Fixing the Memory Leak
The MemShrink effort that has been underway at Mozilla for the last several months has substantially decreased the memory usage of Firefox for most users. There are still some remaining issues that lead to pathological memory use. One of those issues is leaky addons, which Nick has identified as the single most important MemShrink issue.
For example of how this might look in practice, lets imagine we have Firefox open to three tabs: GMail, Twitter, and Facebook, and we have some sort of social media addon installed. Our compartments might look something like this:
Where the blue lines are the references the Firefox UI is holding and the red lines are the references the addon is holding.
The problems start to arise if these references aren’t cleaned up properly when the tab is navigated or closed. If the Facebook tab is closed, but not all of those references are cleaned up, some or all of the memory the Facebook tab was using is not released. The result is popularly known as a zombie compartment, and is a big source of leaks in Firefox.
Chrome (privileged UI or other JS) code that leaks is particularly problematic because the leak usually persists for the lifetime of the browser. When chrome code leaks, say, facebook.com, it leads to dozens of megabytes of memory being lost. It turns out that writing chrome code that doesn’t leak can actually be quite difficult. Even the Firefox front end code, which is worked on by a number of full time engineers and has extensive code review, has a number of leaks. We can find and fix those, but addons are a much harder problem, and we can’t expect addon authors to be as diligent as we try to be in finding and fixing leaks. The only defense we have had is the AMO review team and our list of best practices.

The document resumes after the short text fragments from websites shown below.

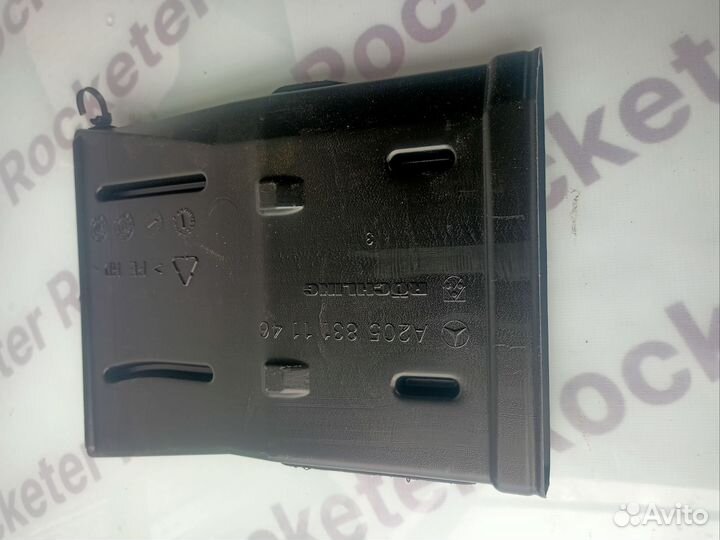 Дефлектор воздушный Mercedes-Benz E-class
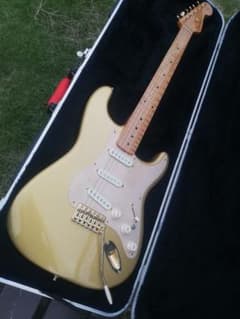 タイムセール!Fender mexico  50th Anniversaryのサムネイル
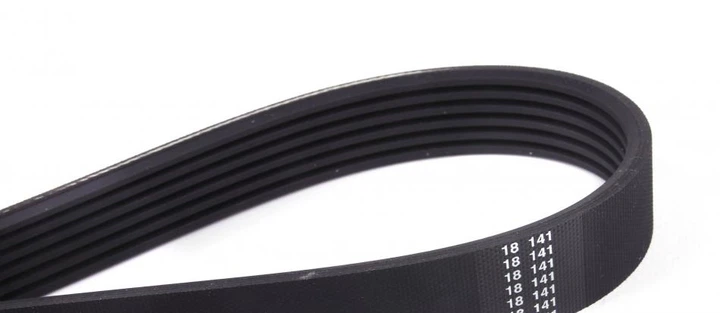 Приводний ремень HUTCHINSON 1692 K 6 Hyundai Tucson, Coupe, Trajet, Santa Fe, Sonata; Audi A6, 100; KIA Sportage, Magentis; Volkswagen Transporter; Renault Clio; Toyota Corolla 054903137F, 054903137B, 074145933AJ - зображення 4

That changed last night when I landed Bug 695480. Firefox now attempts to clean up after leaky chrome code. My approach takes advantage of the fact that chrome code lives in a separate compartment from web page code. This means that every reference from chrome code to content code goes through a cross-compartment wrapper, which we maintain in a list. When the page is navigated, or a tab is closed, we reach into chrome compartment and grab this list. We go through this list and “cut” all of the wrappers that point to objects in the page we’re getting rid of. The garbage collector can then reclaim the memory used by the page that is now gone.

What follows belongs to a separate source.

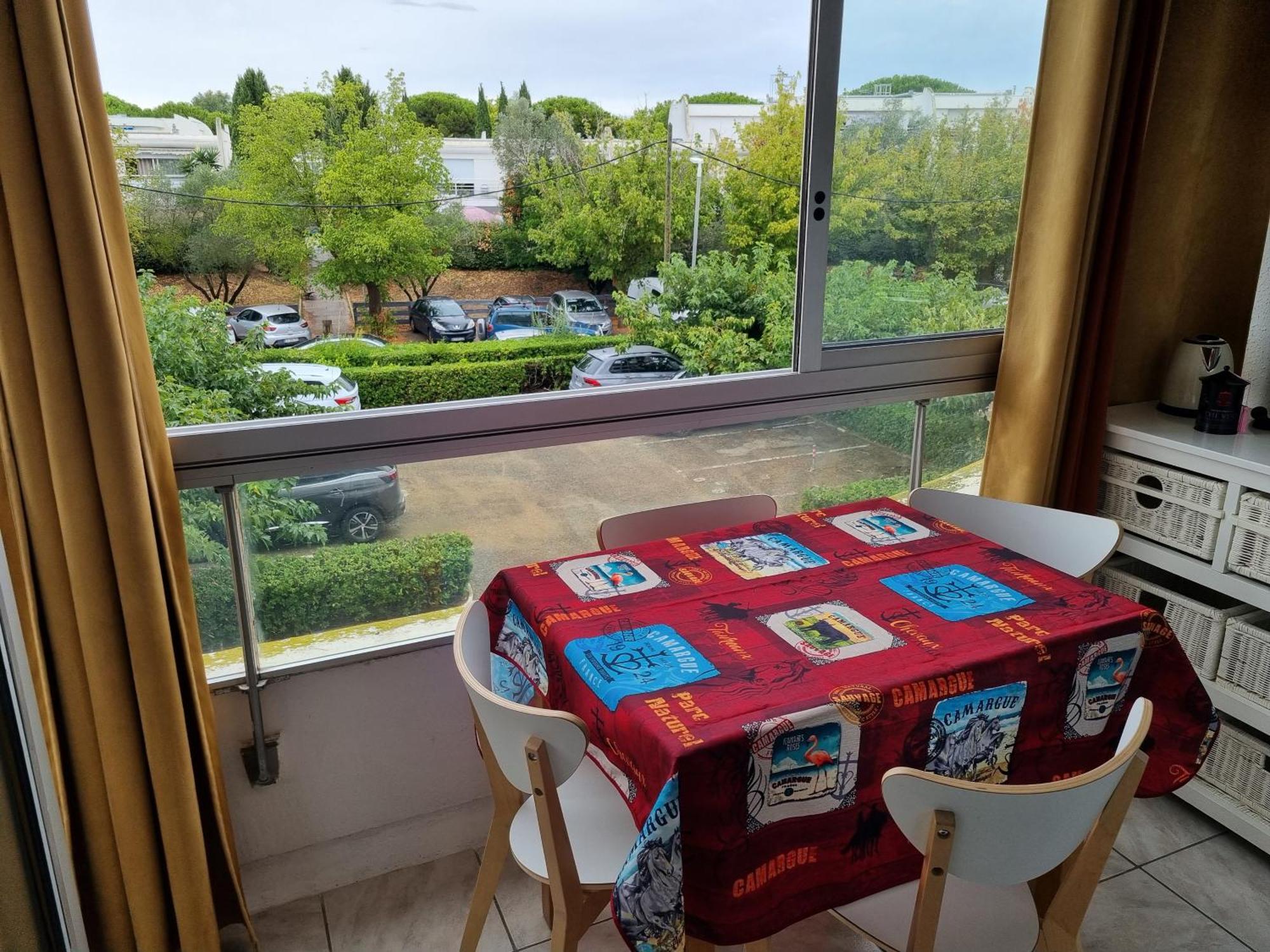 Superbe T2 Tout Confort 3 Etoiles, Entierement Renove Avec Piscine, Parking, Clim, Wifi, Netflix Ла Гранде-Моте Екстериор снимка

The result looks something like:
Code that accidentally (or intentionally!) holds references to objects in pages that are gone will no longer leak. If the code tries to touch the object after the wrapper has been “cut”, it will get an exception. This may break certain code patterns. A few examples:
- Creating a DOM node from a content document and storing it in a global variable for indefinite use. Once the page you created the node from is closed your node will vanish. Here’s an example of code in Firefox that used to do that.
- Creating a closure over DOM objects can break if those objects can go away before the closure is invoked. Here’s some code in Firefox that did that. In one of our tests in our test suite the tab closed itself before the timeout ran, resulting in an exception being thrown.
Addon authors probably don’t need to bother changing anything unless they see breakage. Breakage should be pretty rare, and the huge upside of avoided leaks will be worth it. It’s a little early to be sure what effects this will have, but the amount of leaks we see on our test suite dropped by 80%. I expect that this change will also fix a majority of the addon leaks we see, without any effort on the part of the addon authors.